- [INSTRUCTIONS TO FOLLOW]: Give again only the lines from the line that holds "スリッパ 静音 インドコットン外縫い" to the end of the data, inclusive, omitting all pictures.

- [DATA EXTRACT]:
========================
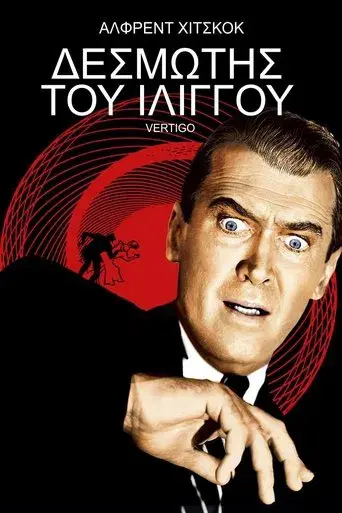Vértigo - Poster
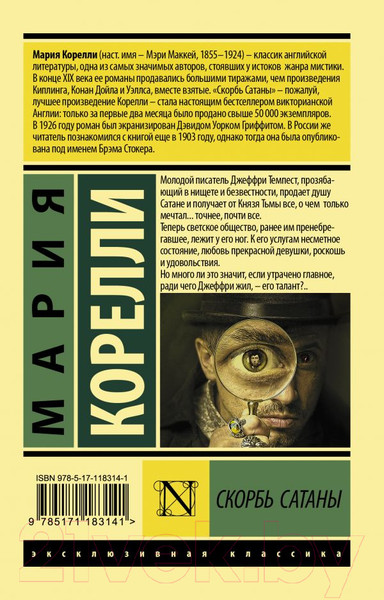 Изображение товара Книга АСТ Скорбь Сатаны (Корелли М.)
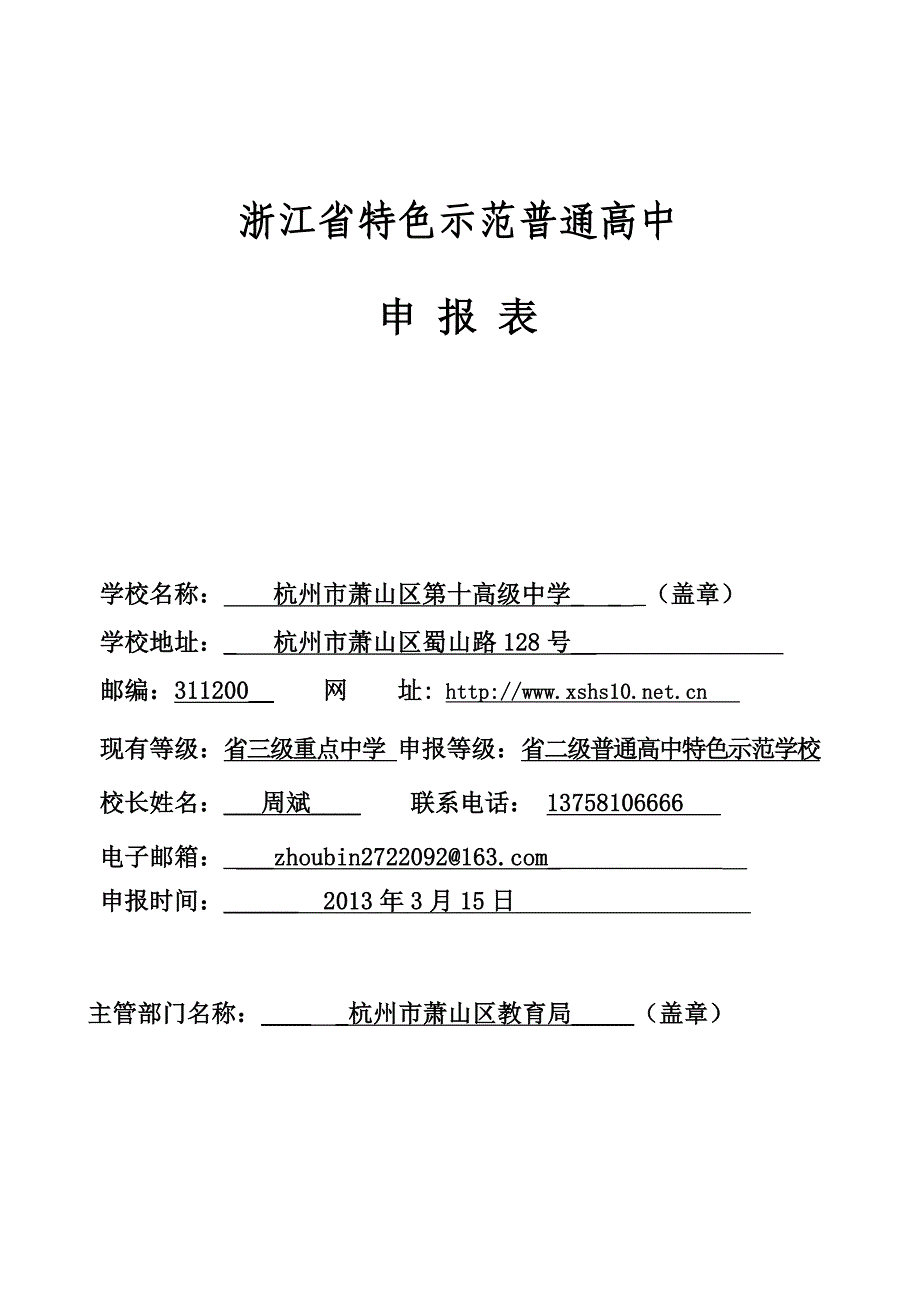 浙江省特色示范普通高中_第1页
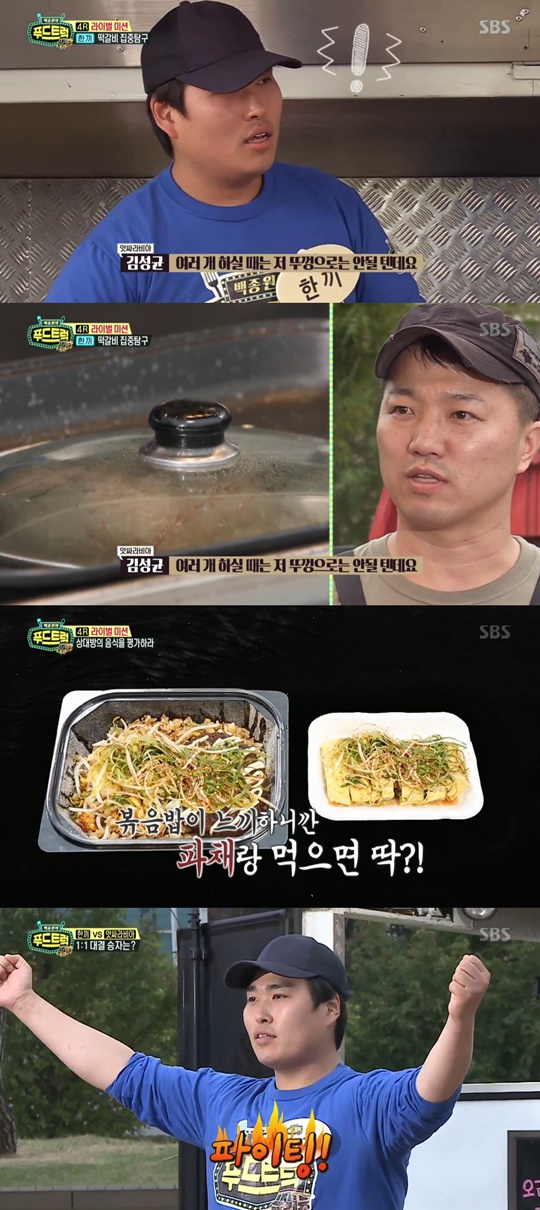 MK푸드 이미지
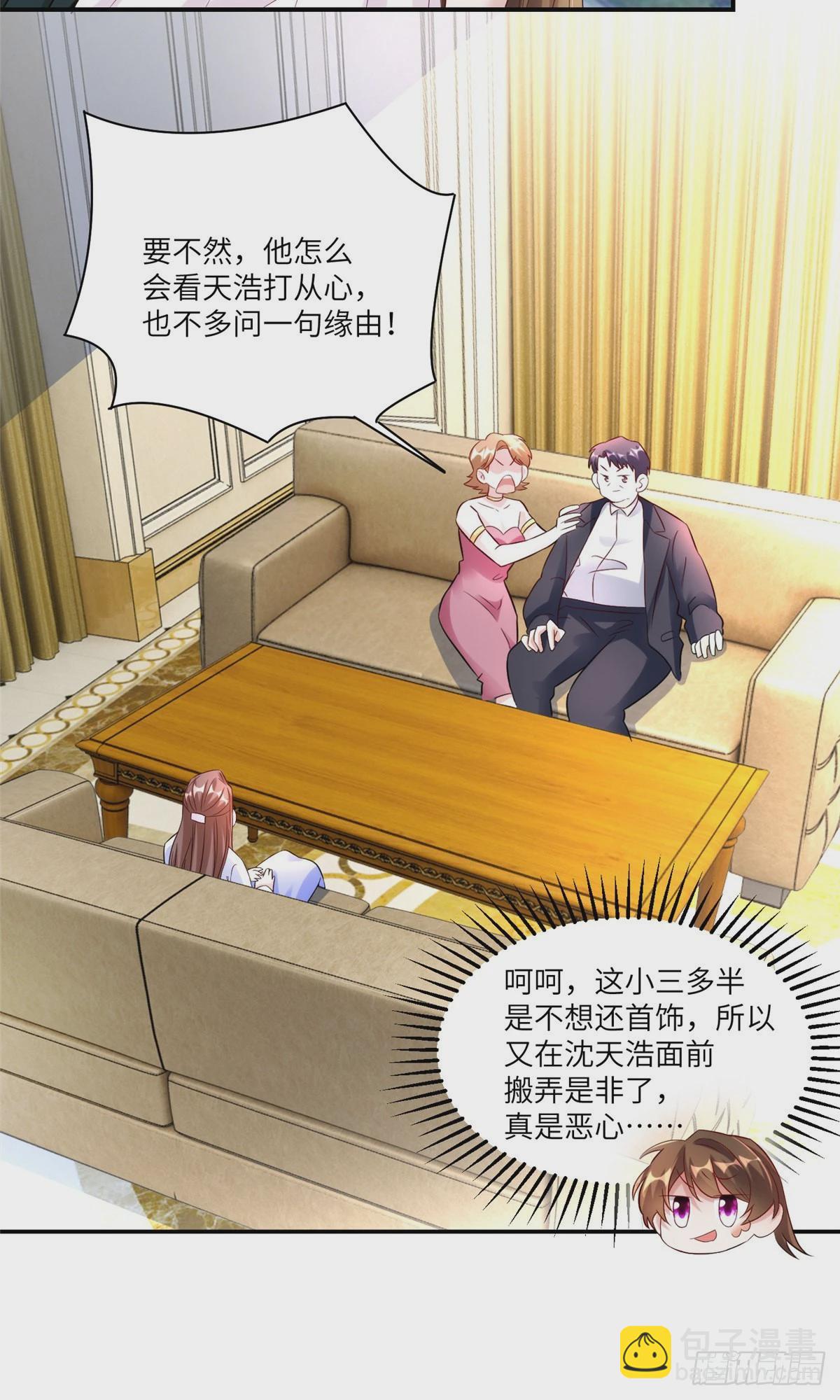45 最意外的告白(1/2)-第46话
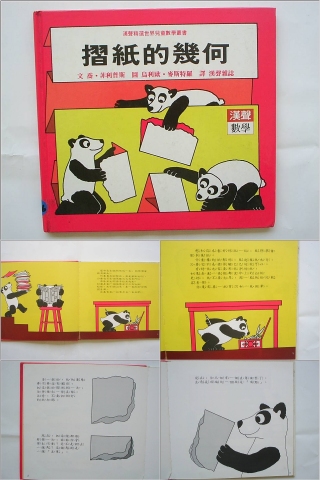 折纸的几何绘本教育课件PPT模板
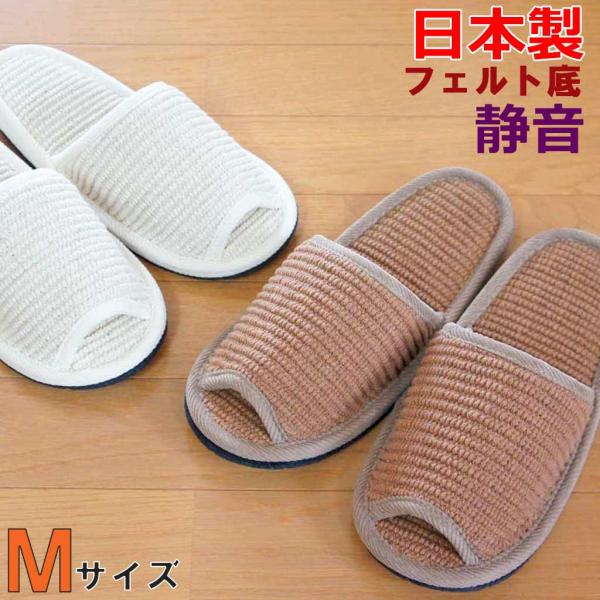 スリッパ 静音 インドコットン外縫い Mサイズ 約25cmまで 日本製 フェルト底 音がしない レデ...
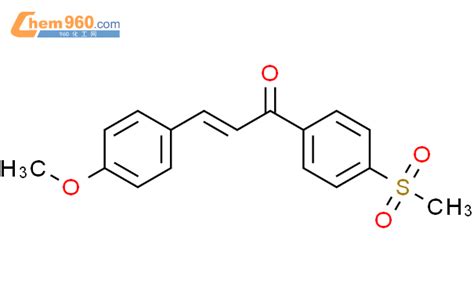 819792 63 7 2 Propen 1 One 3 4 Methoxyphenyl 1 4 Methylsulfonyl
========================
- [ANSWER TO THIS EXERCISE]:
 スリッパ 静音 インドコットン外縫い Mサイズ 約25cmまで 日本製 フェルト底 音がしない レデ...
 819792 63 7 2 Propen 1 One 3 4 Methoxyphenyl 1 4 Methylsulfonyl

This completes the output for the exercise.